-------- Material supplied

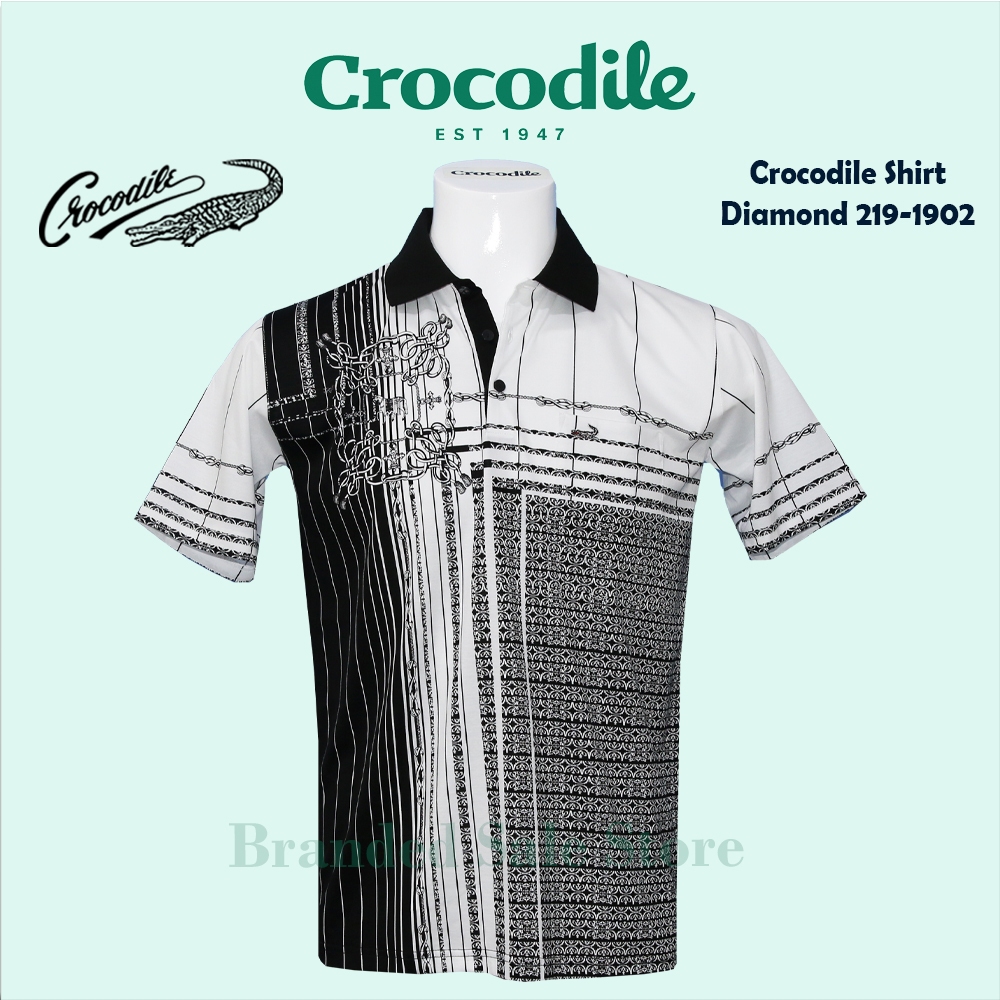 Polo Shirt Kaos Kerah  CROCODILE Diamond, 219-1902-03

----------------
-------- Material supplied

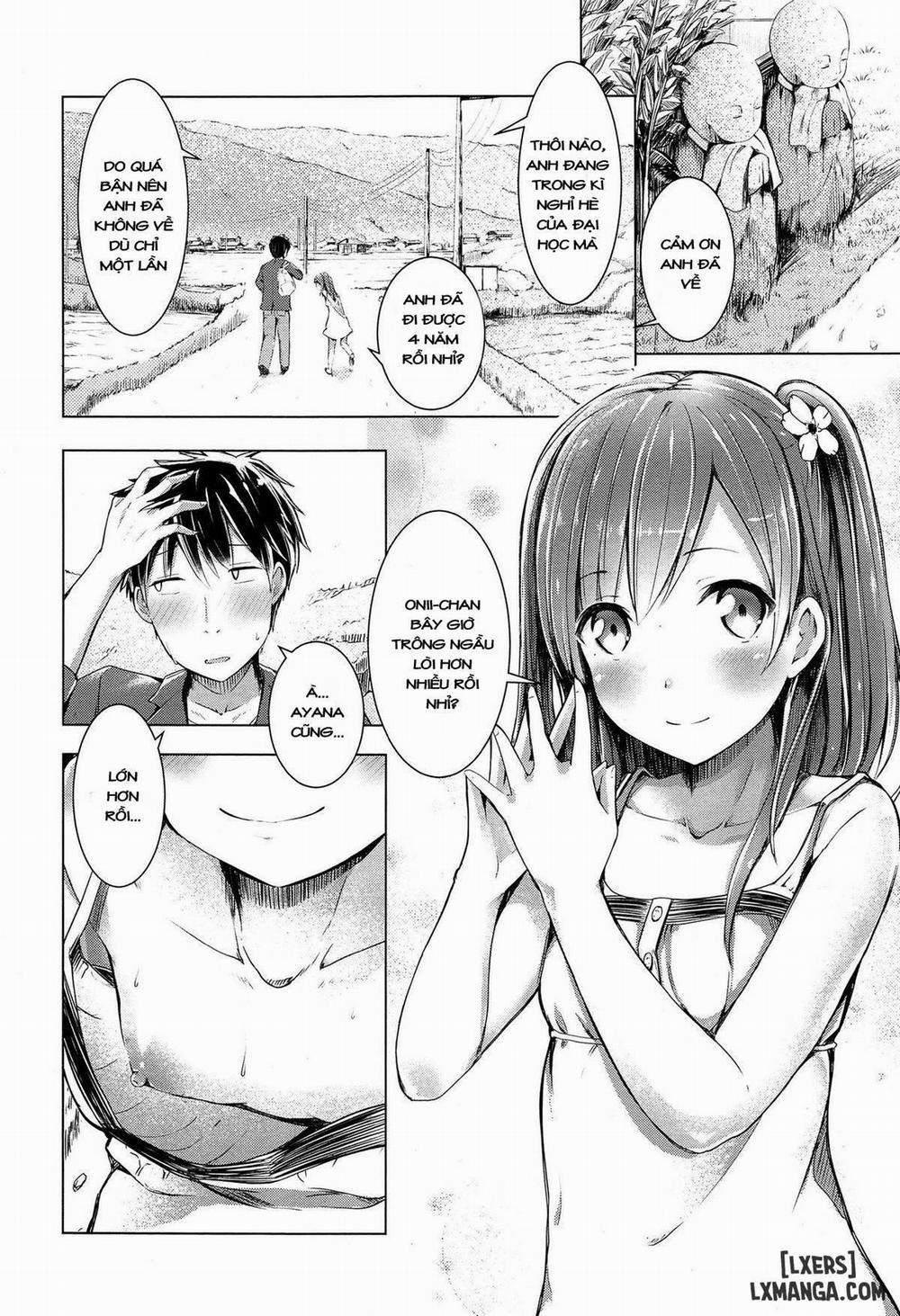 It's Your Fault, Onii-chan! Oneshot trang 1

----------------
-------- Material supplied

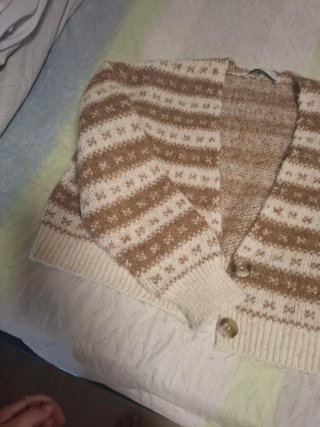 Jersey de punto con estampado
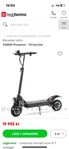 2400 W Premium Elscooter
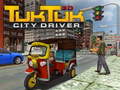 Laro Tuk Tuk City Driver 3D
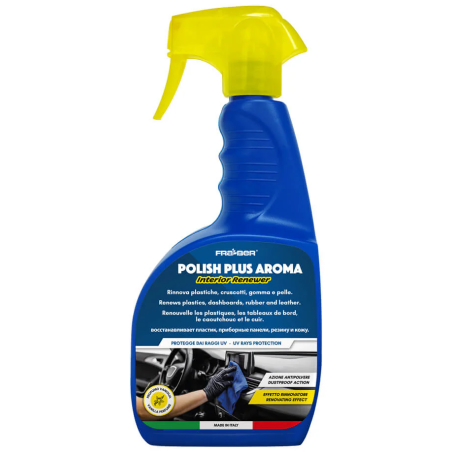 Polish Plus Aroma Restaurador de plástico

----------------

Taking the entries above, extract every line from the one bearing "2400 W Premium Elscooter" through the one bearing "Polish Plus Aroma Restaurador de plástico", exactly, with no pictures.

__Completed task__
 2400 W Premium Elscooter
 Laro Tuk Tuk City Driver 3D
 Polish Plus Aroma Restaurador de plástico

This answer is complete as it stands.